Kejadian lain, pada 19 Januari 2013, Syarif (60), warga Desa Umah Besi, Kecamatan Gajah Putih, Kabupaten Bener Meriah, tewas diserang gajah saat sedang dalam perjalanan pulang dari memancing ikan. Sementara pada 16 Juli 2011, Adaman (45), warga Desa Lawet, Kecamatan Pante Ceureumen, Kabupaten Aceh Barat, tewas diserang gajah.
Tidak ada data berapa jumlah warga yang tewas atau kritis karena diamuk gajah liar. Sebagian besar peristiwa terjadi di perkebunan. Jika konflik tidak tertangani, korban akan terus bertambah. Konflik membuat manusia dan gajah sama-sama dalam ancaman.
Kepala Seksi I Balai Konservasi Sumber Daya Alam (BKSDA) Aceh Kamaruzzaman mengatakan, saat mengetahui ada warga yang menjadi korban amukan gajah liar, pihaknya langsung mengunjungi rumah duka dan memberikan santunan.
Dia pun mengakui, konflik satwa dan manusia belum mampu ditangani sepenuhnya. Pasalnya, wilayah konflik satwa liar di Pidie luas, tersebar di 12 kecamatan dan 75 desa. ”Upaya mitigasi terus kami lakukan, tapi tidak mudah. Banyak pemicu konflik, salah satunya habitat satwa yang terfragmentasi,” kata Kamaruzzaman.

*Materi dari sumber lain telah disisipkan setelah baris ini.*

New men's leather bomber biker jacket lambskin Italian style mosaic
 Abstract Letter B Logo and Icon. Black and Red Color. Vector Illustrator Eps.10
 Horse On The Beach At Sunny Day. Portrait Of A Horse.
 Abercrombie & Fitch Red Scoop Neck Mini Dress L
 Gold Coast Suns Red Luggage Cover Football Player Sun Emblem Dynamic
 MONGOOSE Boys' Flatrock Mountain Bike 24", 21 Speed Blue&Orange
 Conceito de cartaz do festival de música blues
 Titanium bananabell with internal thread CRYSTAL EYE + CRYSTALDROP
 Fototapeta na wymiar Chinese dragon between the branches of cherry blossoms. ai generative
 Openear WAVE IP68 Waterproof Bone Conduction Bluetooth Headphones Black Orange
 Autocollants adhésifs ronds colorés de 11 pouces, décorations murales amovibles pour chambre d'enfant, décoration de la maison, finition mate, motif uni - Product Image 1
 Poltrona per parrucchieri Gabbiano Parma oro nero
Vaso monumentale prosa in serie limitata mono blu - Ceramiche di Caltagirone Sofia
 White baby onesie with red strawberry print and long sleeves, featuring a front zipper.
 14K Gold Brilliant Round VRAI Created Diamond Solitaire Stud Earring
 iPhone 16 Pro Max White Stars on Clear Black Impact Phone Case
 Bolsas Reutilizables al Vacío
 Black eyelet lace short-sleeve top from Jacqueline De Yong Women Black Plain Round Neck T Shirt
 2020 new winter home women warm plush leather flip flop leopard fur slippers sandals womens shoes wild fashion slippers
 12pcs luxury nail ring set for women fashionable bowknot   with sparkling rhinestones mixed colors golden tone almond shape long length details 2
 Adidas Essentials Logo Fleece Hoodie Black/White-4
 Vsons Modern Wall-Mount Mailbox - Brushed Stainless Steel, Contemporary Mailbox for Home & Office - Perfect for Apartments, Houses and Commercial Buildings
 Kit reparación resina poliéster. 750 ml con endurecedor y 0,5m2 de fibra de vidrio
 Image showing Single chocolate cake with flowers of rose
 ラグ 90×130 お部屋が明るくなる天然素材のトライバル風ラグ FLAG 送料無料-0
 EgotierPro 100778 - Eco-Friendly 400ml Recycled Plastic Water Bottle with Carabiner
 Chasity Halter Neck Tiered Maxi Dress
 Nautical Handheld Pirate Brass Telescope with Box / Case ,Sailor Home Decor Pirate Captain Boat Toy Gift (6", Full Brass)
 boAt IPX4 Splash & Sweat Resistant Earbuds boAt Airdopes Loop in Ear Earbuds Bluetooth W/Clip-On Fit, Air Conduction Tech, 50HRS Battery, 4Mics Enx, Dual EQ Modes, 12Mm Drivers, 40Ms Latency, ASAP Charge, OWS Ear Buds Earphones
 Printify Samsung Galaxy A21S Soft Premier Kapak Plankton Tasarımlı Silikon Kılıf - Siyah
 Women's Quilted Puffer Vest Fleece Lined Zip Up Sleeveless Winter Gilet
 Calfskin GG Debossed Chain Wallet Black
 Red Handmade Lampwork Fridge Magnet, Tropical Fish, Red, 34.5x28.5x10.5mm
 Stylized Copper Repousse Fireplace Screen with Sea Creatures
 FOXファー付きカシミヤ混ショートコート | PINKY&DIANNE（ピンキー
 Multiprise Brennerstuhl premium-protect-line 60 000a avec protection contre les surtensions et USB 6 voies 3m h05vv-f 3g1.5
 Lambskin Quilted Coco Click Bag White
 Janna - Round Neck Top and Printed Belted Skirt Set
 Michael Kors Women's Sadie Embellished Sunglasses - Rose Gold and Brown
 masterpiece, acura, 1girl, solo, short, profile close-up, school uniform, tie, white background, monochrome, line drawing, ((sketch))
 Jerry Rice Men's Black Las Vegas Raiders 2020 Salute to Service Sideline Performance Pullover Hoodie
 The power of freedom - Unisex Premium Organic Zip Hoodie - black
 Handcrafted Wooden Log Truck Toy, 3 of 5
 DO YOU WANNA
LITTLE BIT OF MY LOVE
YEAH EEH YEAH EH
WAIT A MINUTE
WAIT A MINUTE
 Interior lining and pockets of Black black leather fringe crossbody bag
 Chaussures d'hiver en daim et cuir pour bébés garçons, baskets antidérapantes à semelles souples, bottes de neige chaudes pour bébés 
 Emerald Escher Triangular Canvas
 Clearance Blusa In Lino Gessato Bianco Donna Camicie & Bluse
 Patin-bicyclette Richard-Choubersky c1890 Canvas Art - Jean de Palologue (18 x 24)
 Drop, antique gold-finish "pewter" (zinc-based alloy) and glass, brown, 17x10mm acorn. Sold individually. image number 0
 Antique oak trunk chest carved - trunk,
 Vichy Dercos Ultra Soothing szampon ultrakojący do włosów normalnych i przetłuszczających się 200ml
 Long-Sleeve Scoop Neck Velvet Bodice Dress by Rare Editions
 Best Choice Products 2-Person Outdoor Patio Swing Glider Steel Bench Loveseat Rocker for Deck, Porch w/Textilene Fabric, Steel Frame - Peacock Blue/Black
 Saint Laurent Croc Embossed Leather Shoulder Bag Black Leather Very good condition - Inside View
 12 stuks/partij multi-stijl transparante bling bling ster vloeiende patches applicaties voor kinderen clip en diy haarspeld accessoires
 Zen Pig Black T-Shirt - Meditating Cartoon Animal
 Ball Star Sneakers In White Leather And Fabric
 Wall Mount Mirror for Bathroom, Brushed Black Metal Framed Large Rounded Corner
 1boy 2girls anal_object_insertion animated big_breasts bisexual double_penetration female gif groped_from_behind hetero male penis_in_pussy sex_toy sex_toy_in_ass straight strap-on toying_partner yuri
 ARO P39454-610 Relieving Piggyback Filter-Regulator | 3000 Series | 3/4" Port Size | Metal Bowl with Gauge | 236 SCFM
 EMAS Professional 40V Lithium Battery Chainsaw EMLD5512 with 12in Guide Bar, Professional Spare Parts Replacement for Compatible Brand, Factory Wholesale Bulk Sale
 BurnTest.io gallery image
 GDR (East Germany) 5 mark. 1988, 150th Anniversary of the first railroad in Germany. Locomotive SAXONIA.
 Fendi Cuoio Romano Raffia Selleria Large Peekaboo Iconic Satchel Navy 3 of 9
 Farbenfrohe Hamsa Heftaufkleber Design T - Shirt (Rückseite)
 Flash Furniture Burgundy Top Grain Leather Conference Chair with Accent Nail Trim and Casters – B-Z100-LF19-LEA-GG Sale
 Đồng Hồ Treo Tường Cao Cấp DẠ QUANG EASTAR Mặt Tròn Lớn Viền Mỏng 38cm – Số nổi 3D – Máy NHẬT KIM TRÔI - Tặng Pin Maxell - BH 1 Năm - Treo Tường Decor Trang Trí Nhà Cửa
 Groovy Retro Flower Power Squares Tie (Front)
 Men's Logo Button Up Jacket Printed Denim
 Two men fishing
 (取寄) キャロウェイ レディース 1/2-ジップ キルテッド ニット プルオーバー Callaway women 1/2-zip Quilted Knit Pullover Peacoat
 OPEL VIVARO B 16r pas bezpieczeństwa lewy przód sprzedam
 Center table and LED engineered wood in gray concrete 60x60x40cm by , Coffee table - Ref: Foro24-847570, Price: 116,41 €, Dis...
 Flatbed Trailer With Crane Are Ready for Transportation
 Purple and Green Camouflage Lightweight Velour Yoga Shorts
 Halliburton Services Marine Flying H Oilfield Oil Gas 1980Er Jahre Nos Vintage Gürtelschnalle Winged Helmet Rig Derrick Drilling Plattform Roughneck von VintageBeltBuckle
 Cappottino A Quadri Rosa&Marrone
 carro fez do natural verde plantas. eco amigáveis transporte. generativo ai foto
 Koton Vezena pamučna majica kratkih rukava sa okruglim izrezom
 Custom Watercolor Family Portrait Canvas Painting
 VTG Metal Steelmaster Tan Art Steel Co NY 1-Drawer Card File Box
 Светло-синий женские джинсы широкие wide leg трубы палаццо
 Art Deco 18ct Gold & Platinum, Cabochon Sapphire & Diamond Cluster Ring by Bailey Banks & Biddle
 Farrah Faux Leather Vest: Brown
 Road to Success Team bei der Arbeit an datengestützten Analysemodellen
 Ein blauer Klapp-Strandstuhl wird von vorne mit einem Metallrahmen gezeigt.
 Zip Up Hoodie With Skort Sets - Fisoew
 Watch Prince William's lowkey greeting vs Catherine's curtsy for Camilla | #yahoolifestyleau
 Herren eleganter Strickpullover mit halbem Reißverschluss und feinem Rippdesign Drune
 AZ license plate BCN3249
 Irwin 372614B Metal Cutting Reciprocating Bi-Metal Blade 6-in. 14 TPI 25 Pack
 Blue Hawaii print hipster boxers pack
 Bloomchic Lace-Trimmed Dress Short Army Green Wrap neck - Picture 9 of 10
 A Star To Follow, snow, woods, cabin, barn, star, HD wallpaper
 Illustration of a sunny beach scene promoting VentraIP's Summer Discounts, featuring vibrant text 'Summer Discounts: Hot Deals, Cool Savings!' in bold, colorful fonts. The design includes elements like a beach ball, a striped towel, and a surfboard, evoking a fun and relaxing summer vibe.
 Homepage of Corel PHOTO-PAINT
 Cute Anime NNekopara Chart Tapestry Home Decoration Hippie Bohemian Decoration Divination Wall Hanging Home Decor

Kini, 85 persen populasi gajah di Aceh berada di luar kawasan konservasi. Pemanfaatan lahan tidak sesuai dengan fungsi dapat memicu konflik satwa kian masif. Diperkirakan, populasi gajah di Aceh tersisa 539 ekor yang tersebar di 15 kabupaten dan kota. Kawasan Pidie, Aceh Timur, Bener Meriah, dan Aceh Jaya paling dominan penyebarannya.
Data Balai Penegakan Hukum (Gakkum) Kementerian Lingkungan Hidup dan Kehutanan Wilayah Sumatera, sepanjang 2016 hingga 2021 terjadi 582 konflik manusia dengan satwa. Selama periode itu pula sebanyak 46 gajah mati. Rinciannya, 74 persen mati karena konflik, 14 persen karena perburuan, dan 12 persen mati alami.
Kepala Bidang Perlindungan dan Konservasi Sumber Daya Alam Dinas Lingkungan Hidup dan Kehutanan Aceh Muhammad Daud menuturkan, penanganan konflik satwa jadi isu yang prioritas. Saat ini, satuan tugas mitigasi konflik telah terbentuk. Namun, strategi penanganan sedang disusun.
”Satgas yang sudah dibentuk harus jelas akan berbuat apa. Warga menanti aksi konkret,” kata Daud. Salah satu pemicu konflik satwa di Aceh adalah karena kerusakan hutan, baik alih fungsi untuk perkebunan maupun pembalakan liar. Oleh sebab itu, pemulihan habitat satwa mutlak dilakukan.